▸ ABOUT THIS TASK
Below is a block of records; return all of them exactly, but without the images.

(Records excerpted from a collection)
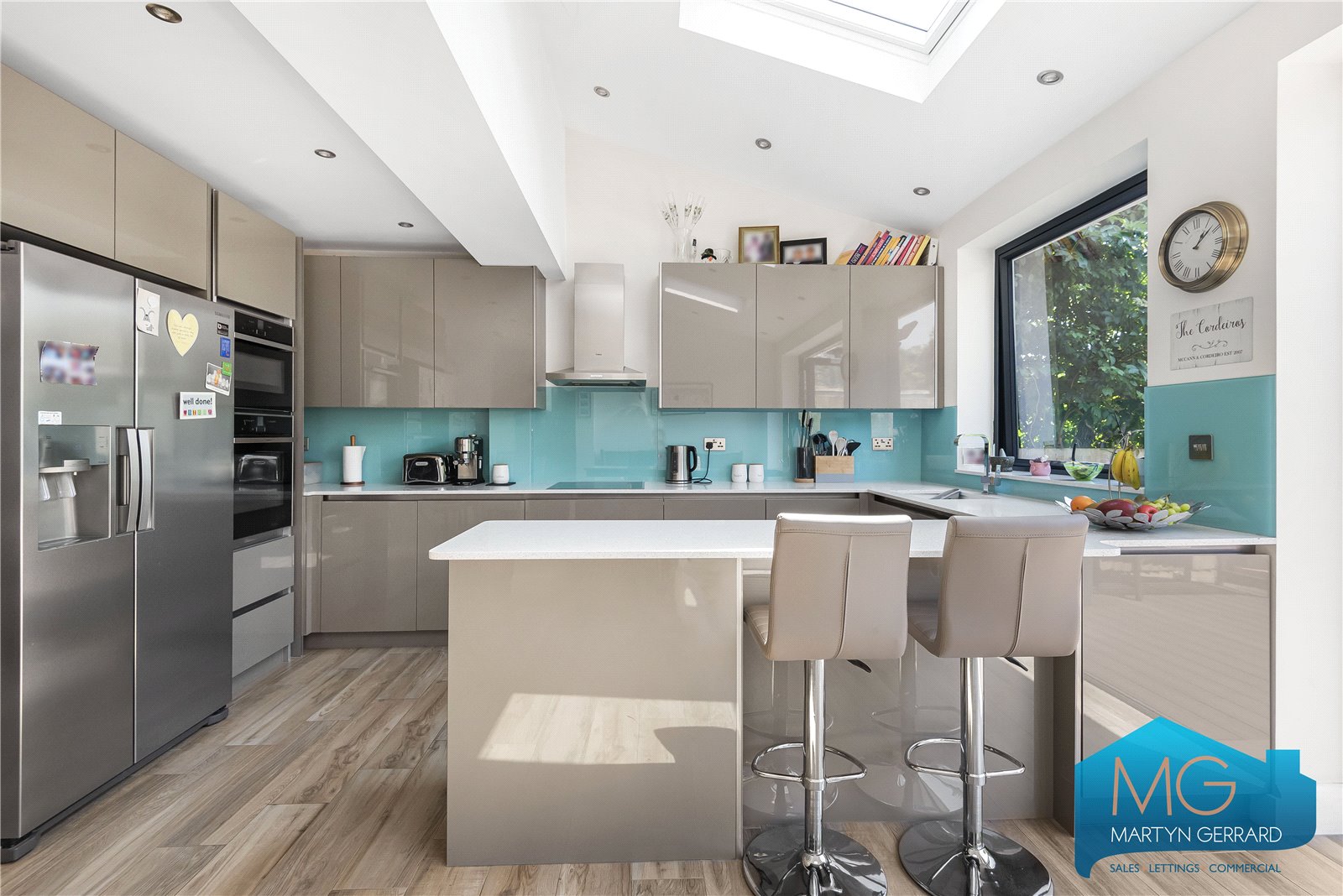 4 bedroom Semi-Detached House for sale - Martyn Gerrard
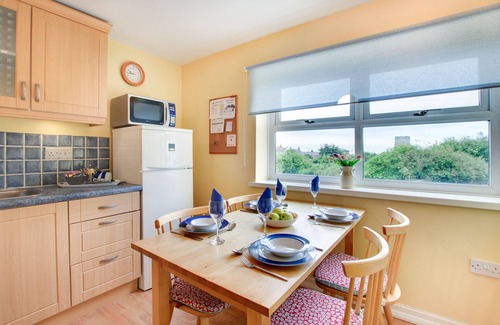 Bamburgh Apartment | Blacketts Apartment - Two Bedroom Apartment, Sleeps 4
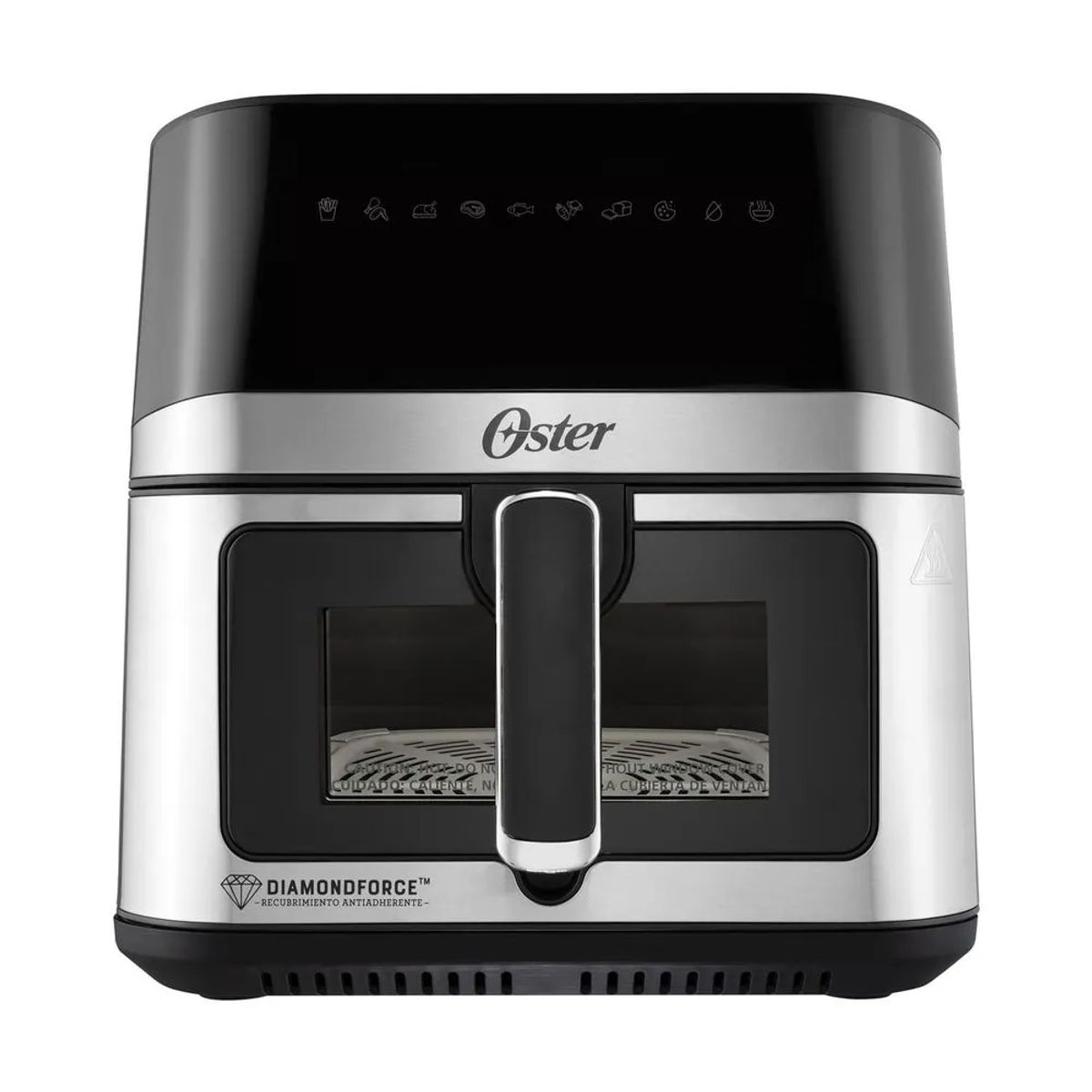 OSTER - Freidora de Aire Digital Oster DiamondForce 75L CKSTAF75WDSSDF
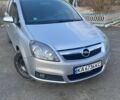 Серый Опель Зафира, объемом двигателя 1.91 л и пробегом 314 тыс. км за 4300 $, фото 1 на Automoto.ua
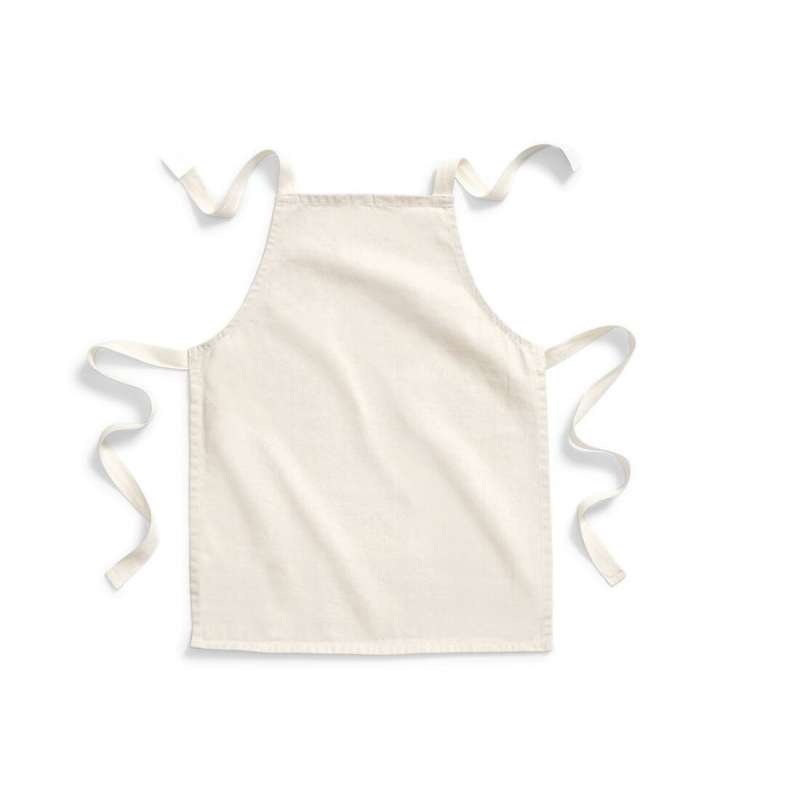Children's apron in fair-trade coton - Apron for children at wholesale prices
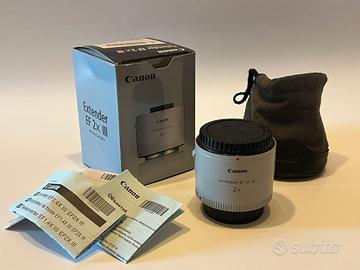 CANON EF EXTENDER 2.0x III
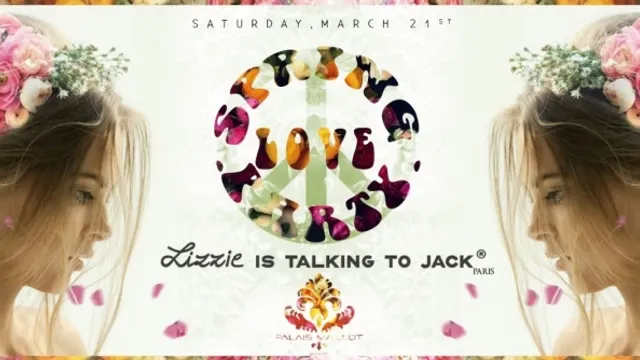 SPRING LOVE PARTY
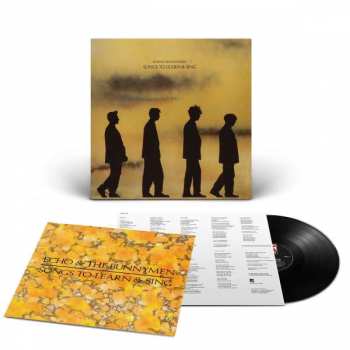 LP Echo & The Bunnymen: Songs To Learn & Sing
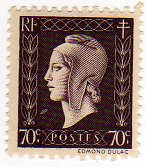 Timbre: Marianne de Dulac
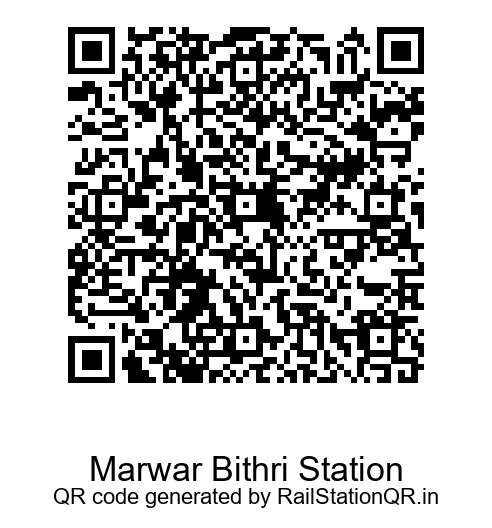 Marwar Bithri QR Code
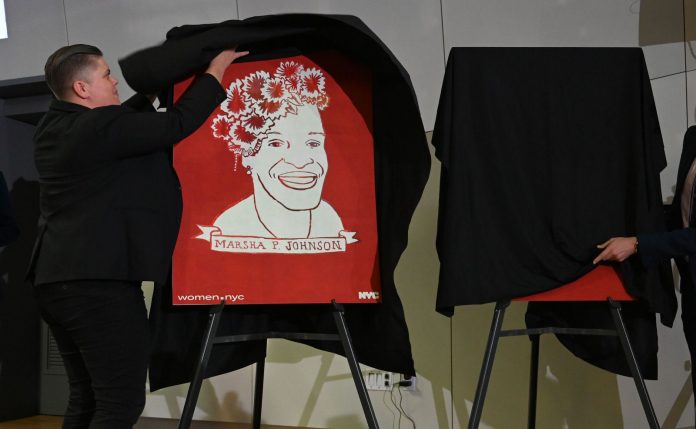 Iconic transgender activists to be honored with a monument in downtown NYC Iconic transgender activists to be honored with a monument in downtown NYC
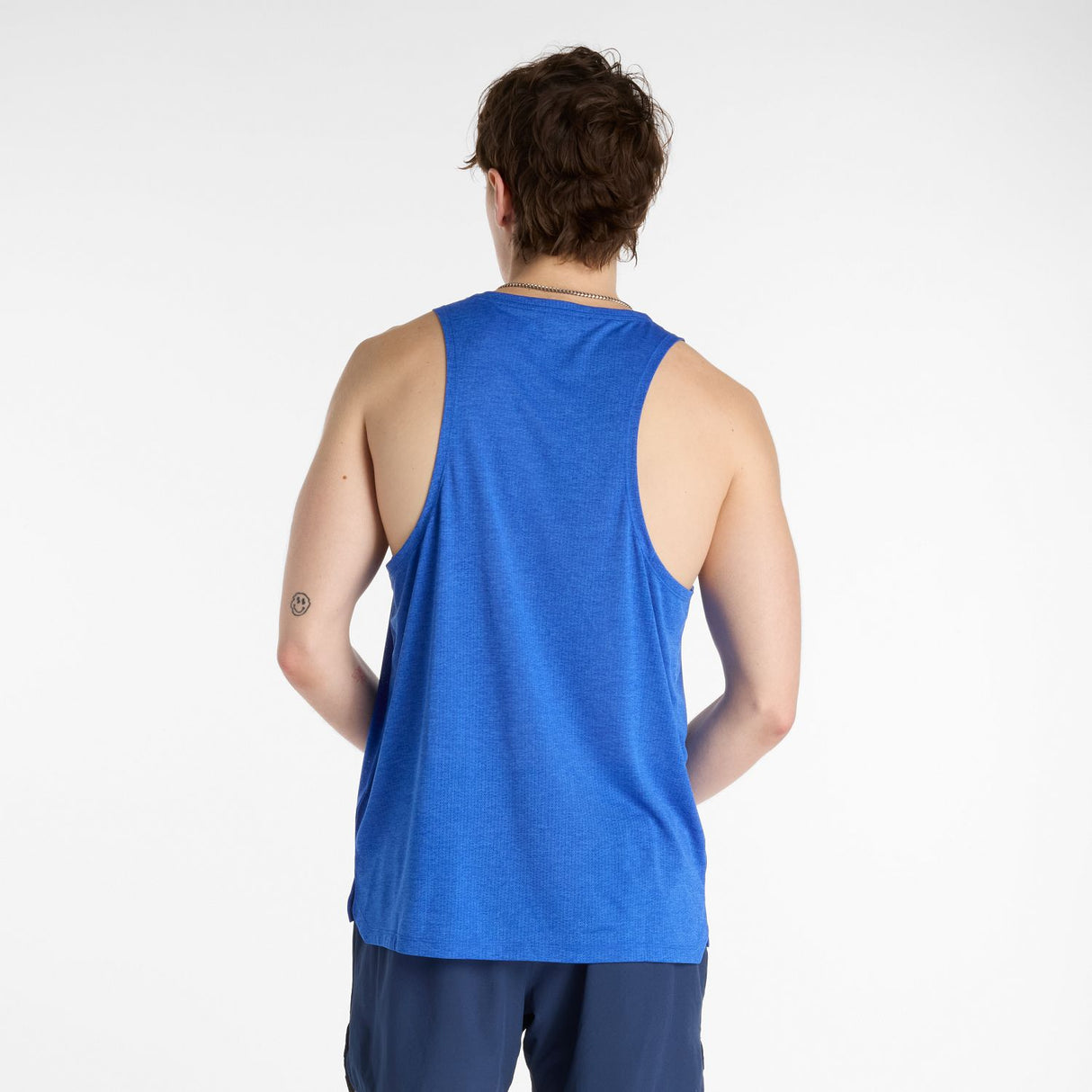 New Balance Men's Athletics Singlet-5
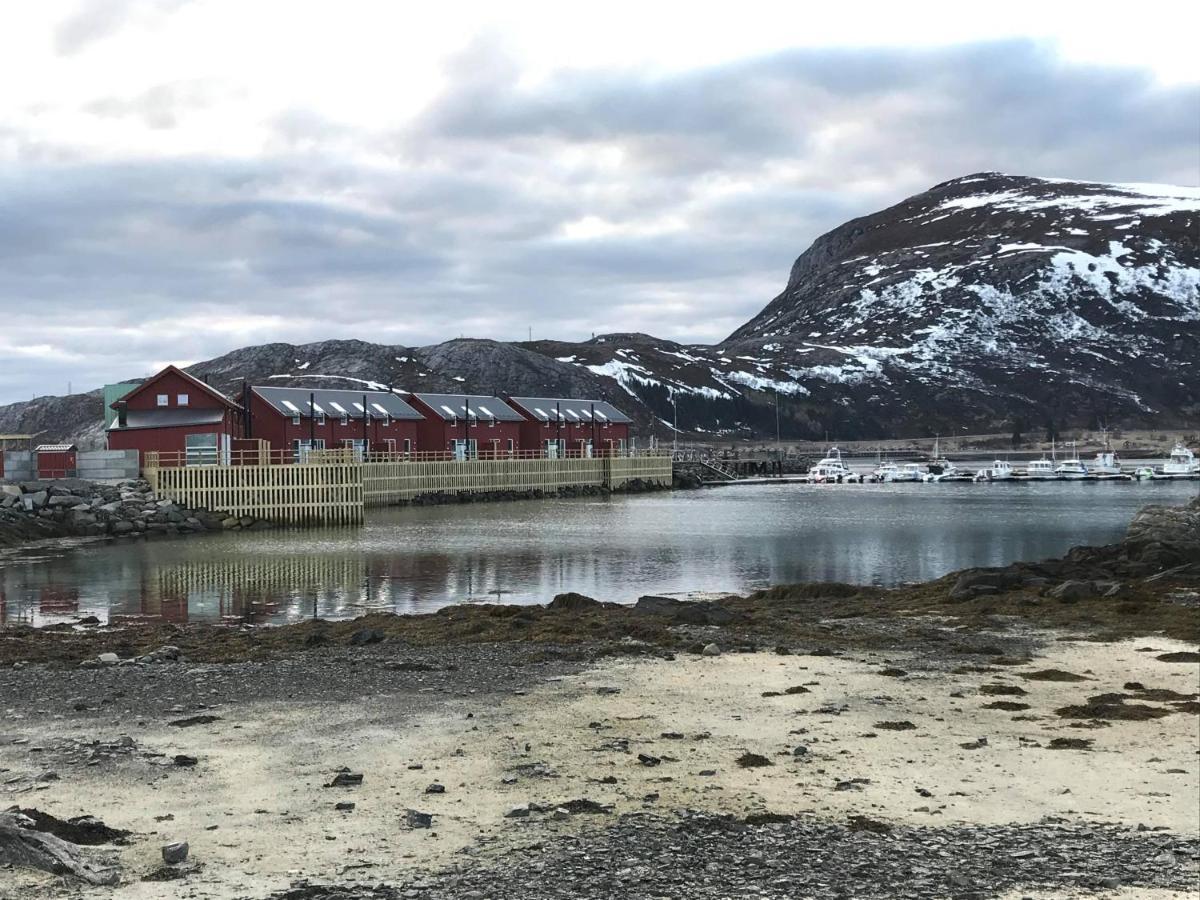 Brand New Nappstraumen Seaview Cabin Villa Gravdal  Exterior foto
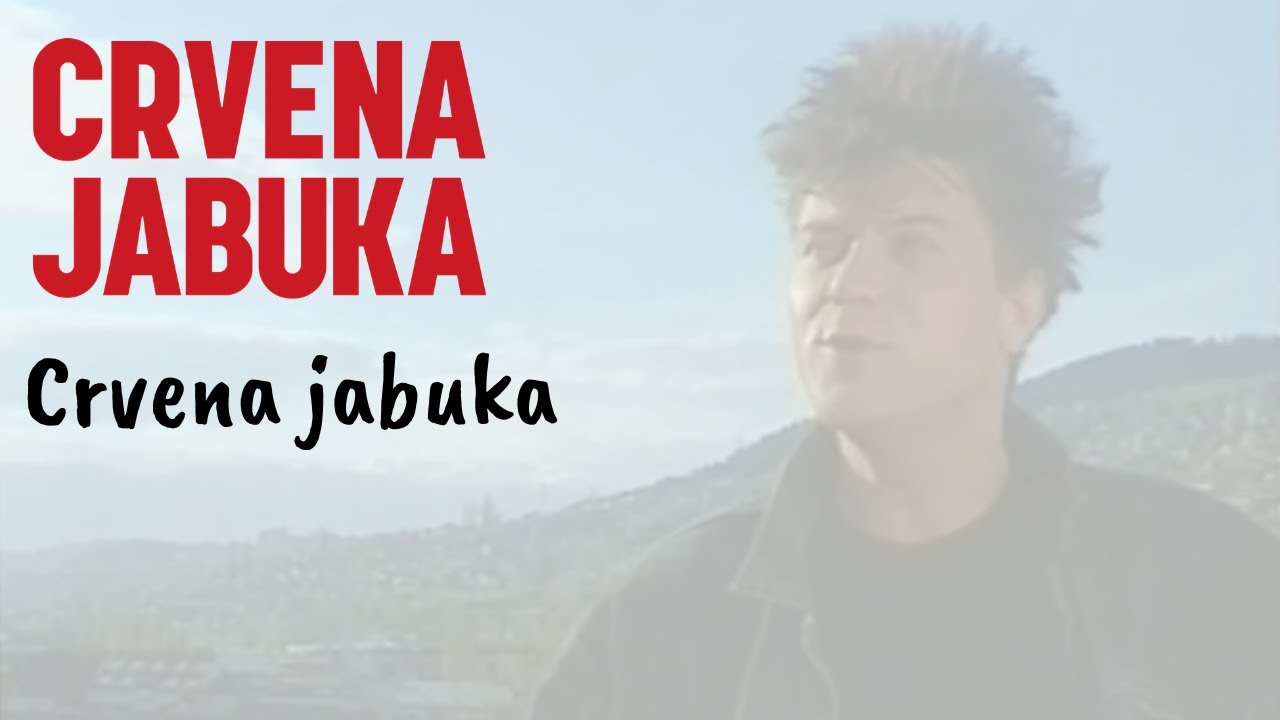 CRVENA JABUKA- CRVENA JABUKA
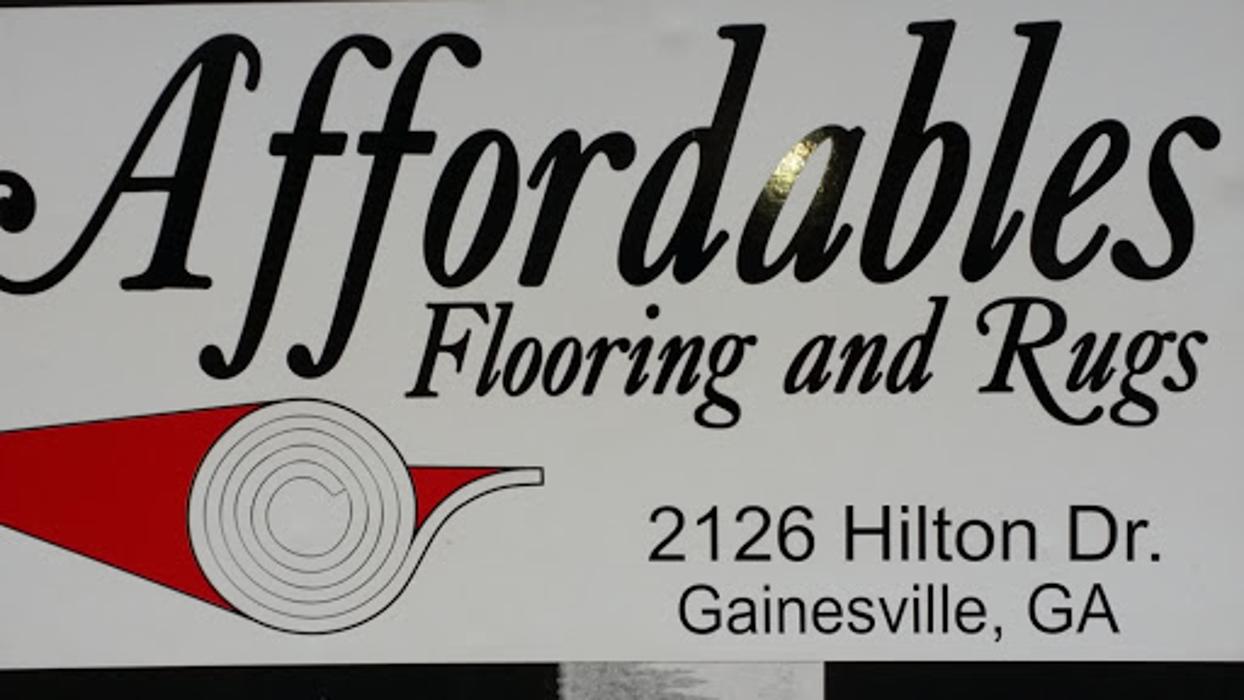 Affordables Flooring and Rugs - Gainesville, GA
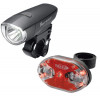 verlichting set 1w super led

▸ SOLUTION FOR THIS EXERCISE
 4 bedroom Semi-Detached House for sale - Martyn Gerrard
 Bamburgh Apartment | Blacketts Apartment - Two Bedroom Apartment, Sleeps 4
 OSTER - Freidora de Aire Digital Oster DiamondForce 75L CKSTAF75WDSSDF
 Серый Опель Зафира, объемом двигателя 1.91 л и пробегом 314 тыс. км за 4300 $, фото 1 на Automoto.ua
Children's apron in fair-trade coton - Apron for children at wholesale prices
 CANON EF EXTENDER 2.0x III
 SPRING LOVE PARTY
 LP Echo & The Bunnymen: Songs To Learn & Sing
 Timbre: Marianne de Dulac
 Marwar Bithri QR Code
 Iconic transgender activists to be honored with a monument in downtown NYC Iconic transgender activists to be honored with a monument in downtown NYC
 New Balance Men's Athletics Singlet-5
 Brand New Nappstraumen Seaview Cabin Villa Gravdal  Exterior foto
 CRVENA JABUKA- CRVENA JABUKA
 Affordables Flooring and Rugs - Gainesville, GA
 verlichting set 1w super led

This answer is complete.